However, results can be found for geopolymer composites based on fly ash alone.

Mezhov et al. [23] investigated the effect of a polynaphthalene sulfonate (PNS) superplasticizer on the properties of fly ash and cement-based pastes. The admixture was added during mechanical activation of the fly ash (5% by weight of FA) or with the mixing water (0.5% by weight of binder). More favorable results were obtained by adding a superplasticizer during mechanical activation compared to the pastes with SP added by mixing water.

Laskar et al. [24] found that the third-generation water reducer based on high-range polycarboxylic ether (1.5% by weight of fly ash) improved the workability of concrete based on fly ash, but with a lower molar mass (4 M) NaOH solution that was used.

Nematollahi et al. [25] studied the effect of six types of superplasticizers (with a dose of 1% by mass of fly ash) on geopolymer pastes, two naphthalene-based, three modified polycarboxylate admixtures, and one melamine-based powder.
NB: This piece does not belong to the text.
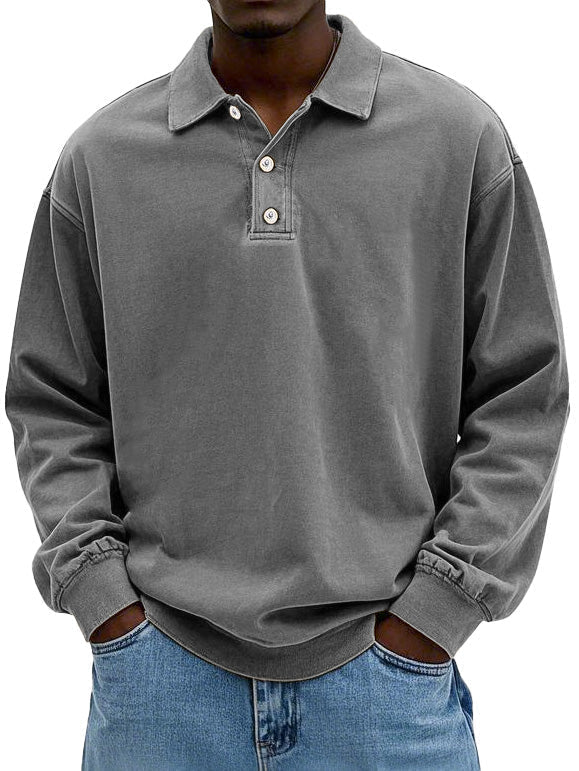 William™ - Vintage Long Sleeve Polo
Based on the results, it was found that the effect of admixtures depends on the type of superplasticizer. In all cases, there was a reduction in compressive strength. However, the most favorable results were obtained by using admixtures based on a modified polycarboxylate. Increased knowledge of the effects of the use of different admixtures in geopolymer composites will allow mixtures to be designed with selected properties. This is particularly important when producing geopolymers based on regionally available materials, especially local fly ash.

2. Materials

Silica fly ash from the local heat and power plant was used as a binder material. The material met the requirements of the EN 450-1 standard [26]. The chemical oxide compositions of the fly ash are presented in Table 1. Fly ash was characterized by a loss on ignition of 4.37% (according to EN 450–class A).
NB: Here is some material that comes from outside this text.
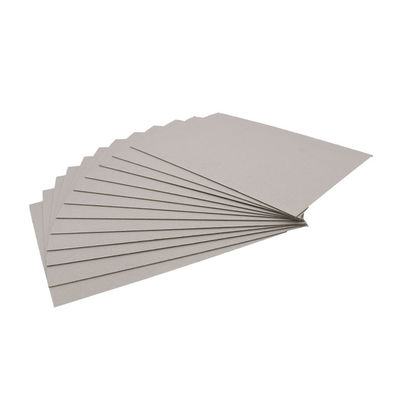 750*1050mm glossy rigid grey cardboard sheets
Sand in the 0–2 mm fraction was used as an aggregate. The grain size distribution of the sand is presented in Table 2.

Three different admixtures (AD) were used: a liquifying admixture based on stabilized polycarboxylates (AD1), a plasticizing admixture (AD2), and a liquifying admixture based on modified polynaphthalenes (AD3). The characteristics of the ADs used in this study are summarized in Table 3.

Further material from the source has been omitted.